%%
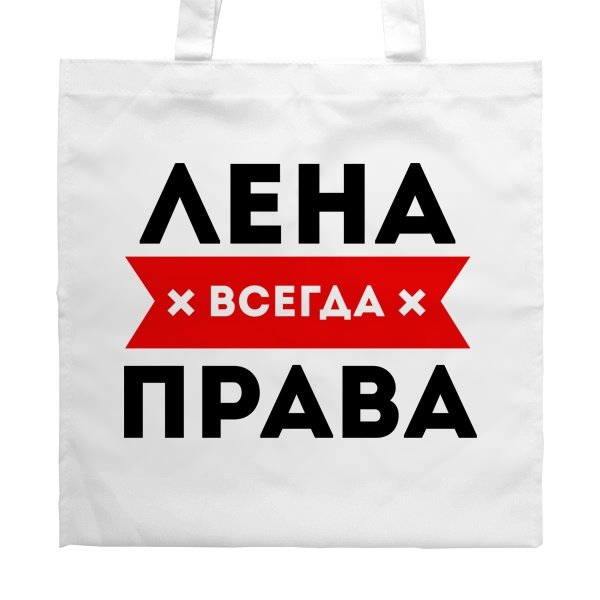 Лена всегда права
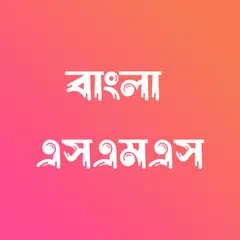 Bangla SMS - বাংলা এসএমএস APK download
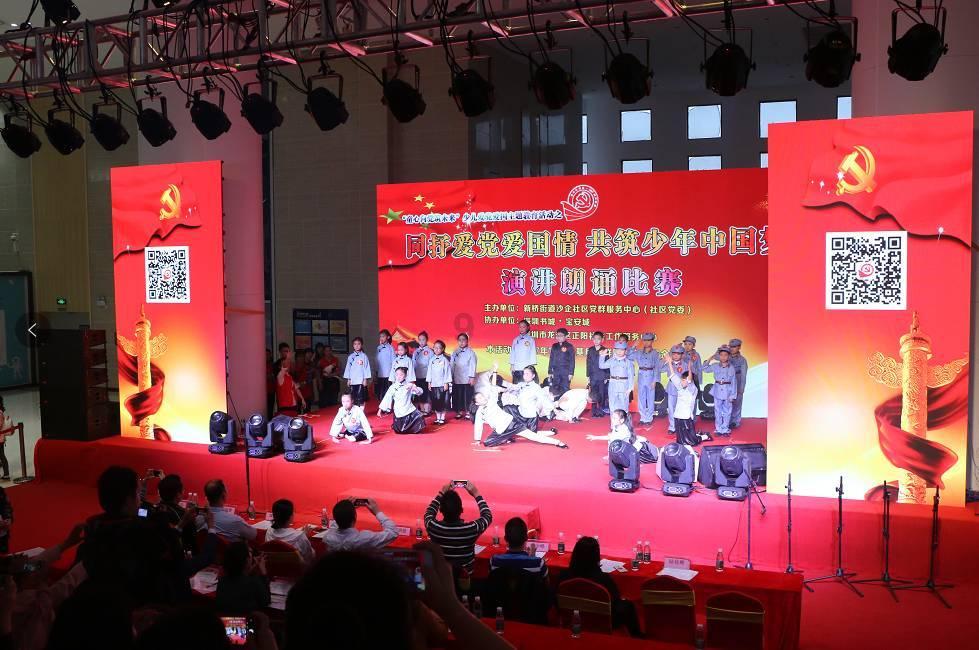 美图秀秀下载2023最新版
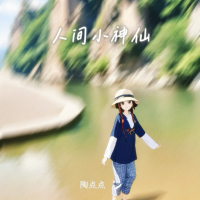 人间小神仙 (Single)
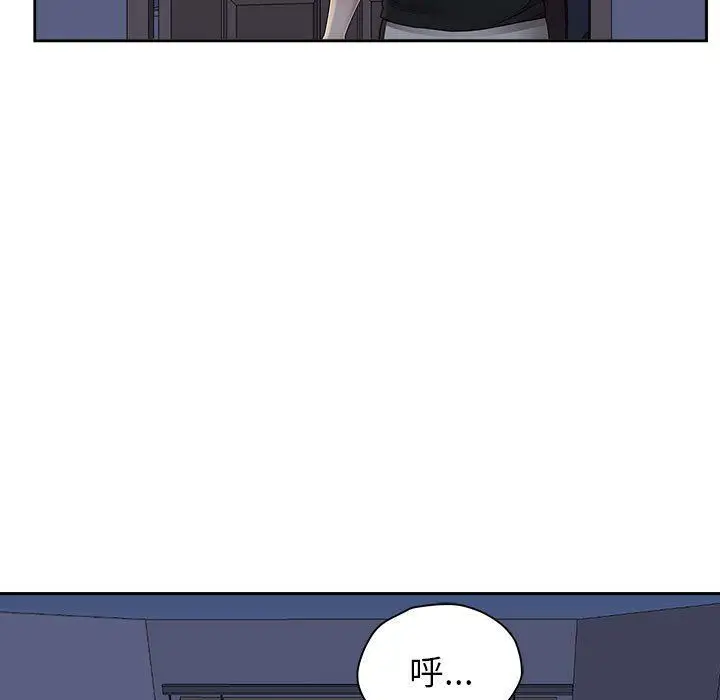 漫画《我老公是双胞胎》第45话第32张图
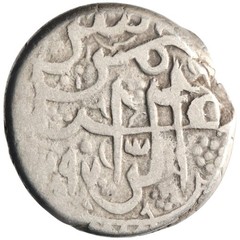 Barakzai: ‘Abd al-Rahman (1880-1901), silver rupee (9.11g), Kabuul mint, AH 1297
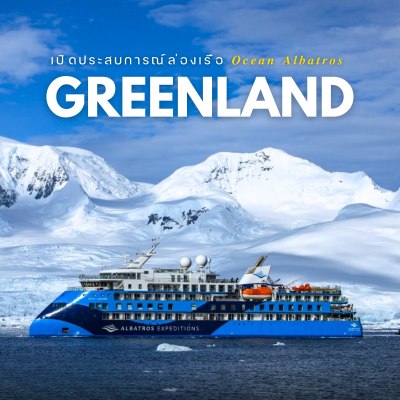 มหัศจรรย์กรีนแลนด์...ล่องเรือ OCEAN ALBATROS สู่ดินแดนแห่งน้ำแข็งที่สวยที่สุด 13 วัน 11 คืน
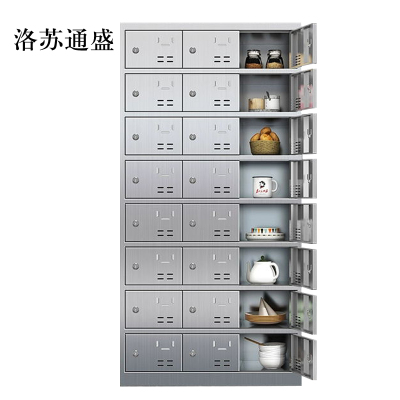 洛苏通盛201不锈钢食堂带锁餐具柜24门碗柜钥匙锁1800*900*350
%%
## What needs to be done
The entries above need to be transcribed word for word, and the pictures stay out.

## Written response
 Лена всегда права
 Bangla SMS - বাংলা এসএমএস APK download
 美图秀秀下载2023最新版
 人间小神仙 (Single)
 漫画《我老公是双胞胎》第45话第32张图
 Barakzai: ‘Abd al-Rahman (1880-1901), silver rupee (9.11g), Kabuul mint, AH 1297
 มหัศจรรย์กรีนแลนด์...ล่องเรือ OCEAN ALBATROS สู่ดินแดนแห่งน้ำแข็งที่สวยที่สุด 13 วัน 11 คืน
 洛苏通盛201不锈钢食堂带锁餐具柜24门碗柜钥匙锁1800*900*350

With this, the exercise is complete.